L'Union européenne a autorisé l'Espagne à utiliser 120 millions d'euros du fonds de relance post-coronavirus pour moderniser les serres destinées à la culture de légumes et de plantes. Ce financement provient de la Recovery and Resilience Facility (RRF), désormais approuvée par la Commission européenne et les ministres de l'UE dans le cadre du plan espagnol de relance et de résilience.
Ce dispositif de soutien de l'UE, qui court encore sur plus de deux ans, a pour but, selon la Commission européenne, d'améliorer la compétitivité et la durabilité des cultures de légumes, de fleurs et de plantes ornementales. Le fonds européen finance à la fois des prêts et des subventions aux pays membres.
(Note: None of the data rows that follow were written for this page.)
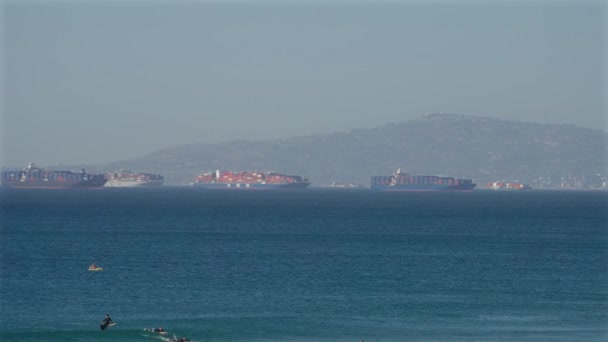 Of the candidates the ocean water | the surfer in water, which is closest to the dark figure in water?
the surfer in water

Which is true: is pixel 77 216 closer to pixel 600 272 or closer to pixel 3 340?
pixel 600 272

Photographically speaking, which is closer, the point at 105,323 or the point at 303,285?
the point at 105,323

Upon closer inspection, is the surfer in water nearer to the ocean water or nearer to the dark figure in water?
the dark figure in water

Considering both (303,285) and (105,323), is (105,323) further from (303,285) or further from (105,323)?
(303,285)

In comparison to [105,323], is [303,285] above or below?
above

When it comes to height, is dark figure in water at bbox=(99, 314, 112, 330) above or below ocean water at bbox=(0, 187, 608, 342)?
below


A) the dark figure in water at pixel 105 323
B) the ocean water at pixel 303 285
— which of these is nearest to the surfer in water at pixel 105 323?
the dark figure in water at pixel 105 323

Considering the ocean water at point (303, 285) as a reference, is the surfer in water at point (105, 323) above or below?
below

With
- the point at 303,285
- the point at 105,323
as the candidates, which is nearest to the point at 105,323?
the point at 105,323

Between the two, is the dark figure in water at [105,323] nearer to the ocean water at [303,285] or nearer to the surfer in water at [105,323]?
the surfer in water at [105,323] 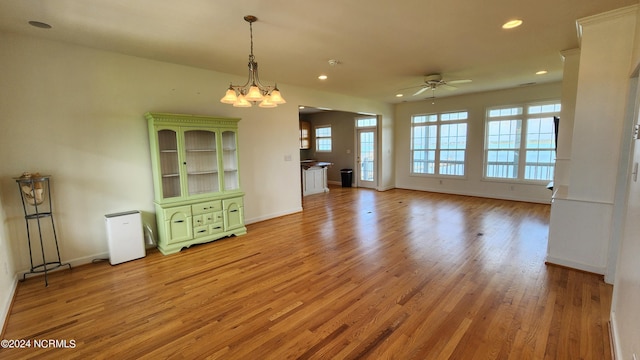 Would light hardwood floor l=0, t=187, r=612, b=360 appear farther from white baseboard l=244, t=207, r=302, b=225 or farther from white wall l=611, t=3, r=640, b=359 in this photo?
white baseboard l=244, t=207, r=302, b=225

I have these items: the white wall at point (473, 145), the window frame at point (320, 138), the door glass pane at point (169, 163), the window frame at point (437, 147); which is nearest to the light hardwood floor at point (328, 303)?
the door glass pane at point (169, 163)

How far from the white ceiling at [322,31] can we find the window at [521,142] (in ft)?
7.22

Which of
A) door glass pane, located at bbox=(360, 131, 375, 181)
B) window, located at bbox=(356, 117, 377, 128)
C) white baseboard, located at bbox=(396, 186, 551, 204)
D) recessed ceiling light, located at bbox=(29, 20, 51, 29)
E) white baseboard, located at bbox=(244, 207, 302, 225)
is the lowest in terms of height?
white baseboard, located at bbox=(244, 207, 302, 225)

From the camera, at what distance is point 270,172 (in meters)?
5.44

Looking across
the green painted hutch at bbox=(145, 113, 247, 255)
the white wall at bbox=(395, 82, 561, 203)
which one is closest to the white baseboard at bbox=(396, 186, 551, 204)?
the white wall at bbox=(395, 82, 561, 203)

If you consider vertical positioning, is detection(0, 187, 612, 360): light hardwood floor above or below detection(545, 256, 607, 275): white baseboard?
below

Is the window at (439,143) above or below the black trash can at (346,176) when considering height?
above

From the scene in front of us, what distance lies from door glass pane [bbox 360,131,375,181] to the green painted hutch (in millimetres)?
5371

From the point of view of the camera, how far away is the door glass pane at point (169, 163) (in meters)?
3.87

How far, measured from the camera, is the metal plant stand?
2.97 m

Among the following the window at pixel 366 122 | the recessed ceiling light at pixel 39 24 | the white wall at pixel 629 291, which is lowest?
the white wall at pixel 629 291

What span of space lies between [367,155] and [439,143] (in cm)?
220

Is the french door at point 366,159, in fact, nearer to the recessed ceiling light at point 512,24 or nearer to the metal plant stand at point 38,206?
the recessed ceiling light at point 512,24

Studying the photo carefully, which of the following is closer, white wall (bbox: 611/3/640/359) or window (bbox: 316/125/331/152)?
white wall (bbox: 611/3/640/359) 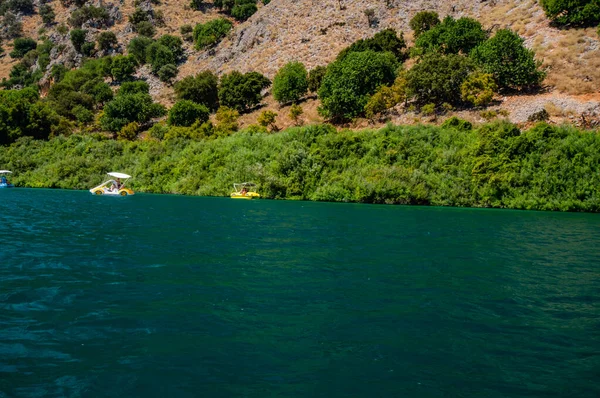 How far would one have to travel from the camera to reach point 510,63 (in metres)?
64.4

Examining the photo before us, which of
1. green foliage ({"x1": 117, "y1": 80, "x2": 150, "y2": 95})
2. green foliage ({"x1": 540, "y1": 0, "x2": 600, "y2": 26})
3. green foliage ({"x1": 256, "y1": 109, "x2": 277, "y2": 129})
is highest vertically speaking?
green foliage ({"x1": 540, "y1": 0, "x2": 600, "y2": 26})

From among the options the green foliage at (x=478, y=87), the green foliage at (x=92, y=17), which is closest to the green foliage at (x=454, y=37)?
the green foliage at (x=478, y=87)

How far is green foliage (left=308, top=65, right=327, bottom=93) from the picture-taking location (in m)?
86.0

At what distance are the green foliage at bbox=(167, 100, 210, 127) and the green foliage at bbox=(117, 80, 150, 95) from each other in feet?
77.3

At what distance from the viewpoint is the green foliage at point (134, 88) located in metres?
107

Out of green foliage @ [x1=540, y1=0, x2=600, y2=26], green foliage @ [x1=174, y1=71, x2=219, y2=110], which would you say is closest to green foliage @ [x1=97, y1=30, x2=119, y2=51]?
green foliage @ [x1=174, y1=71, x2=219, y2=110]

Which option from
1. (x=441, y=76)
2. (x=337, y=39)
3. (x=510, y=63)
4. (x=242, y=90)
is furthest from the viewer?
(x=337, y=39)

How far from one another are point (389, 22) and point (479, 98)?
4618 cm

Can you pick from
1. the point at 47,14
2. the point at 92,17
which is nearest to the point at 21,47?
the point at 47,14

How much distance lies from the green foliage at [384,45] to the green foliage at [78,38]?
91.3 m

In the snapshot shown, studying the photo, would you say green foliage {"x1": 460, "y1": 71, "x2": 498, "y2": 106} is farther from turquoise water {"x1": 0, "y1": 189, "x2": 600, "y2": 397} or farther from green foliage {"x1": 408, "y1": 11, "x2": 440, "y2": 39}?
turquoise water {"x1": 0, "y1": 189, "x2": 600, "y2": 397}

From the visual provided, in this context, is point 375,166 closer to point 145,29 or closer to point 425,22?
point 425,22

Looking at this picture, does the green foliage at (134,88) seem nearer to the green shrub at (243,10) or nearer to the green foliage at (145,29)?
the green foliage at (145,29)

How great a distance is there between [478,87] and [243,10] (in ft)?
321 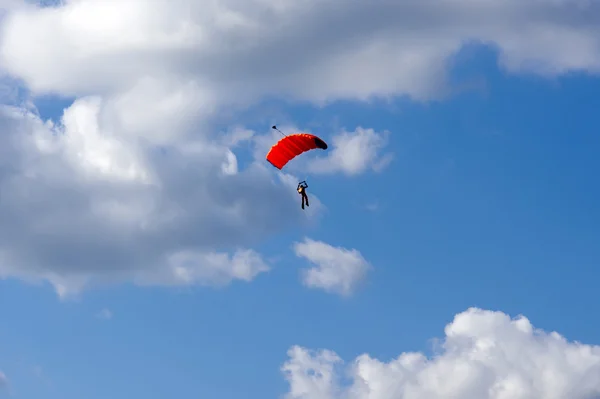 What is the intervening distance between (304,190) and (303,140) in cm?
716

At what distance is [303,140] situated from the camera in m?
111

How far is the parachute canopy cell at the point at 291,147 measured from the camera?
110062 millimetres

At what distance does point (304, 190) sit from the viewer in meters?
114

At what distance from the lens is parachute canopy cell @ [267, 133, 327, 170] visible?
110 metres

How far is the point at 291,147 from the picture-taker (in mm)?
112000

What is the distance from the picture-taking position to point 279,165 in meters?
113

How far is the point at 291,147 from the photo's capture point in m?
112

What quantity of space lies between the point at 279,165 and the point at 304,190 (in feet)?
15.0

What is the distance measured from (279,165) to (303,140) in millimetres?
5112

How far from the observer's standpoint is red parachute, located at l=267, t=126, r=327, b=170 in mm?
110062

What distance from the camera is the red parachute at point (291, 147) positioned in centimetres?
11006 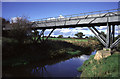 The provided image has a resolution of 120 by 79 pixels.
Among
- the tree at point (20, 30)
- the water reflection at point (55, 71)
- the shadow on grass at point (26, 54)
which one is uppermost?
the tree at point (20, 30)

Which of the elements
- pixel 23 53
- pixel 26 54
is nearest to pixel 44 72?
pixel 26 54

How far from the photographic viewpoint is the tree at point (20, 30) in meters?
13.7

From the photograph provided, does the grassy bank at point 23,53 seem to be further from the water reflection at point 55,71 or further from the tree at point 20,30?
the water reflection at point 55,71

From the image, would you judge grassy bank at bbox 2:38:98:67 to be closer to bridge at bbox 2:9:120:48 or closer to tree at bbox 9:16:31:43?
tree at bbox 9:16:31:43

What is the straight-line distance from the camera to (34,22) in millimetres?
17438

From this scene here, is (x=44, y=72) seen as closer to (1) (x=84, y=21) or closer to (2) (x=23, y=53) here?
(2) (x=23, y=53)

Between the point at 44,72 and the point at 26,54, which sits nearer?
the point at 44,72

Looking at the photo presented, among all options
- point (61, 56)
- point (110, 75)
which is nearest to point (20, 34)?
point (61, 56)

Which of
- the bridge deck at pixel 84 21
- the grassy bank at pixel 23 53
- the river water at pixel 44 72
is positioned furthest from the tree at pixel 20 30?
the river water at pixel 44 72

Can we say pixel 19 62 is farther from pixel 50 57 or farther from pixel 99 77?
pixel 99 77

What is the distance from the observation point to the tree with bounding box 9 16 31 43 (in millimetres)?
13712

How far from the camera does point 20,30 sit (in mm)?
13992

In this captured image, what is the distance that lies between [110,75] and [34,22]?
1548cm

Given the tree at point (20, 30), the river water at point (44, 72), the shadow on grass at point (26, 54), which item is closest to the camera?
the river water at point (44, 72) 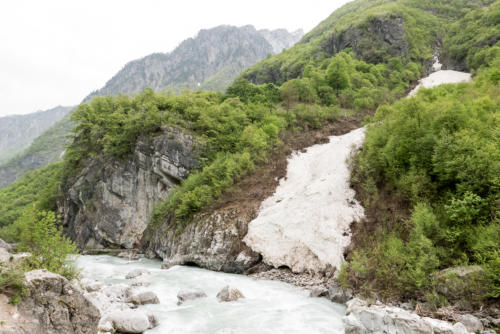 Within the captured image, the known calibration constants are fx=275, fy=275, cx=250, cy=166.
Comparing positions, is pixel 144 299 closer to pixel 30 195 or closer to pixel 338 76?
pixel 338 76

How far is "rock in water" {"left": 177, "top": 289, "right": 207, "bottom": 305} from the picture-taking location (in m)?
14.3

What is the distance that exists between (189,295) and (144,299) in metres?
2.23

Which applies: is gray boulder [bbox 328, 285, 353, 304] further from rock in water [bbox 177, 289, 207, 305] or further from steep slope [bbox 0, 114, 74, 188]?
steep slope [bbox 0, 114, 74, 188]

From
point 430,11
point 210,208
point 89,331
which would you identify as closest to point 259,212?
point 210,208

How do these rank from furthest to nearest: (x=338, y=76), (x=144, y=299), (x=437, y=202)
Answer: (x=338, y=76)
(x=437, y=202)
(x=144, y=299)

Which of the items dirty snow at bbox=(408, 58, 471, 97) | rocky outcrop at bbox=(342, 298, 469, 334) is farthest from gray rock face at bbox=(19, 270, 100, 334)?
dirty snow at bbox=(408, 58, 471, 97)

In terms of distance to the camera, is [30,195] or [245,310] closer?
[245,310]

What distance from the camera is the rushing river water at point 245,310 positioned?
10961 millimetres

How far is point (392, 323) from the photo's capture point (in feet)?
30.2

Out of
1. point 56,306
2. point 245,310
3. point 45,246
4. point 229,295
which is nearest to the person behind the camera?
point 56,306

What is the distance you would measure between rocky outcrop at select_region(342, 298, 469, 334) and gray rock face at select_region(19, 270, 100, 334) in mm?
8889

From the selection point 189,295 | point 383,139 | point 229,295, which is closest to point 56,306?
point 189,295

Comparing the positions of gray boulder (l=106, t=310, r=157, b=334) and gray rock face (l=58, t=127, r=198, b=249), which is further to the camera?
gray rock face (l=58, t=127, r=198, b=249)

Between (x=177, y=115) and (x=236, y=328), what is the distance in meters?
29.3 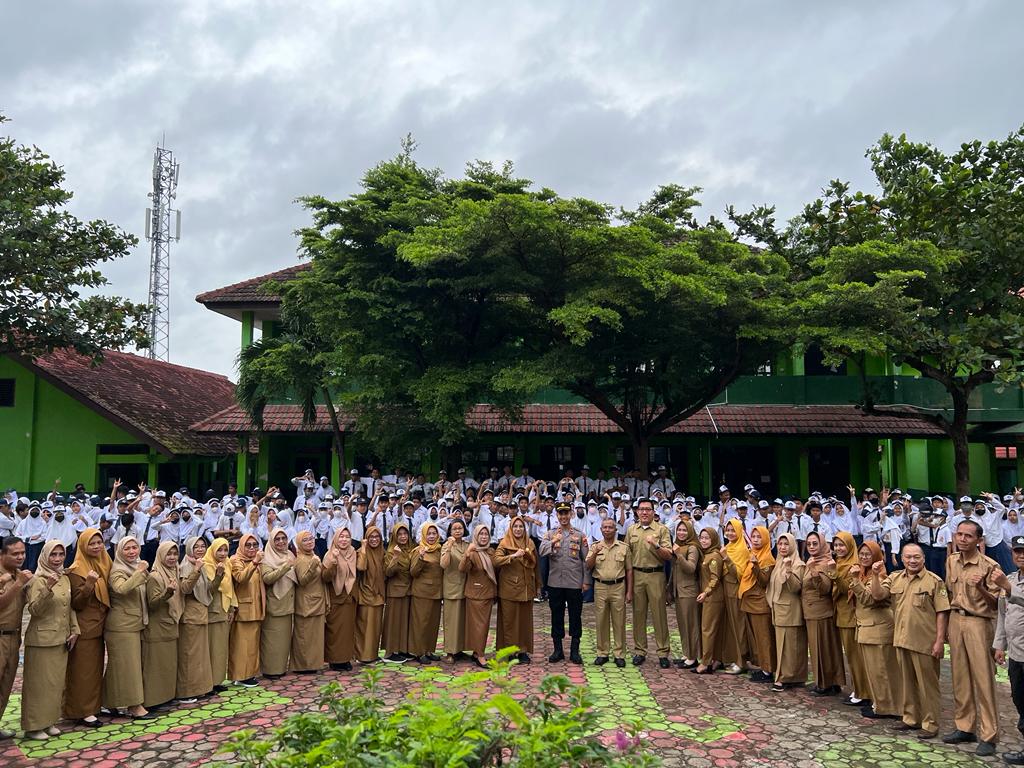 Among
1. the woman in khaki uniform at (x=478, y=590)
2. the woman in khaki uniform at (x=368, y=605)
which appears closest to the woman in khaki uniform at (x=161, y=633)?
the woman in khaki uniform at (x=368, y=605)

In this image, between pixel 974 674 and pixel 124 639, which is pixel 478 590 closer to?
pixel 124 639

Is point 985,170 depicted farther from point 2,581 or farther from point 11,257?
point 11,257

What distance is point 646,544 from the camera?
26.2 feet

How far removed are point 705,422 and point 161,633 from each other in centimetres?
1578

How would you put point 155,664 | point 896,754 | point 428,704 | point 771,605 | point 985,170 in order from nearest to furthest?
1. point 428,704
2. point 896,754
3. point 155,664
4. point 771,605
5. point 985,170

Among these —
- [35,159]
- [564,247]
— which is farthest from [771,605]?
[35,159]

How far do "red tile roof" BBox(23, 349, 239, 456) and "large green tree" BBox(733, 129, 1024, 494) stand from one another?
16081 millimetres

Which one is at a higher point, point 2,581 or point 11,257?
point 11,257

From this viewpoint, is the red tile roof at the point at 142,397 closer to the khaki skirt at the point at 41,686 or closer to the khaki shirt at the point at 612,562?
the khaki skirt at the point at 41,686

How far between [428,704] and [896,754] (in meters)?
4.24

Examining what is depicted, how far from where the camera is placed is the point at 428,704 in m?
2.98

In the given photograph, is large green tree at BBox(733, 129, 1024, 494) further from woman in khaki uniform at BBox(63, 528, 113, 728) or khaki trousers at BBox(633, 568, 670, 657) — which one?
woman in khaki uniform at BBox(63, 528, 113, 728)

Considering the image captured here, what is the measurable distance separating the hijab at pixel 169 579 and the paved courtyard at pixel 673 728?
0.83m

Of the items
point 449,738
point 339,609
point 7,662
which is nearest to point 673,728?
point 339,609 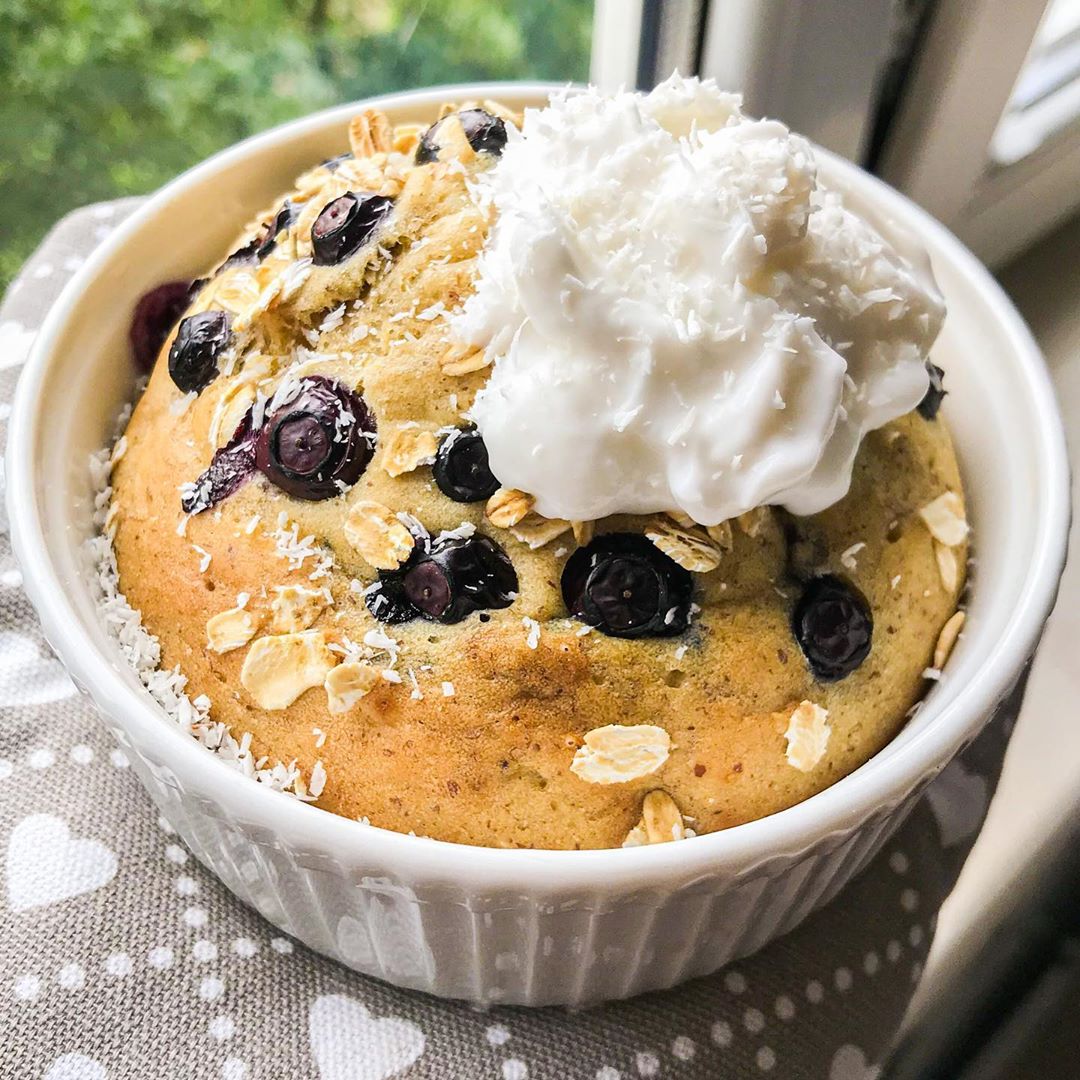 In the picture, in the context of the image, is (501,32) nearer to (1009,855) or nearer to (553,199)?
(553,199)

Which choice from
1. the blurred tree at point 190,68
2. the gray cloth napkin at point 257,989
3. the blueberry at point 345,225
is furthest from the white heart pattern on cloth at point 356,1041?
the blurred tree at point 190,68

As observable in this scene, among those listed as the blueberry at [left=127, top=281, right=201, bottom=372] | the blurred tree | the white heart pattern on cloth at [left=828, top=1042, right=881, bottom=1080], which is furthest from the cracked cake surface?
the blurred tree

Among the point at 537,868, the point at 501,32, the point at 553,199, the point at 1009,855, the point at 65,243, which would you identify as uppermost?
the point at 553,199

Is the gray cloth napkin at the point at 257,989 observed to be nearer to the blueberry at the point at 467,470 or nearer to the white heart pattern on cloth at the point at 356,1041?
the white heart pattern on cloth at the point at 356,1041

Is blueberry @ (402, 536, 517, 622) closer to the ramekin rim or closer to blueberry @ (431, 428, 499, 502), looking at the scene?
blueberry @ (431, 428, 499, 502)

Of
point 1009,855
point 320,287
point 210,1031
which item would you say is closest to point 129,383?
point 320,287

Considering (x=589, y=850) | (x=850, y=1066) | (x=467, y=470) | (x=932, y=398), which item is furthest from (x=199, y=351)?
(x=850, y=1066)

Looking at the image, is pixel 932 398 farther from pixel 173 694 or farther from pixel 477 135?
pixel 173 694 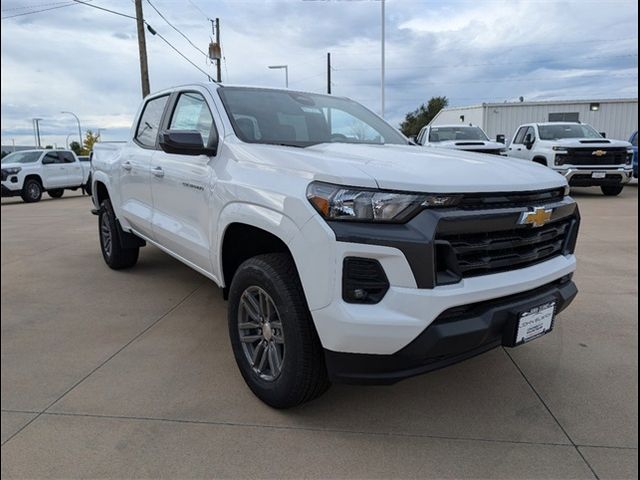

D'autres pays de l'UE ont également soumis leurs plans de relance RRF à Bruxelles, certains ayant déjà été approuvés et sont en cours de mise en œuvre. Chaque pays peut faire ses propres choix et fixer ses priorités. Par exemple, dans plusieurs pays d'Europe centrale et orientale, une grande partie des fonds RRF est utilisée pour déployer l'internet haut débit en zones rurales ou pour d'autres infrastructures.
Les Pays-Bas sont le seul pays de l'UE à ne pas (encore ?) avoir présenté de demande d'aide via le fonds de relance, alors que Bruxelles dispose de 5,6 milliards d'euros en réserve pour cela. Sous l'impulsion notamment des Pays-Bas, il a été décidé que ces fonds ne seraient pas attribués « simplement », mais qu'ils devraient être associés à des « améliorations structurelles ». De plus, les autres pays et ministres doivent donner leur accord.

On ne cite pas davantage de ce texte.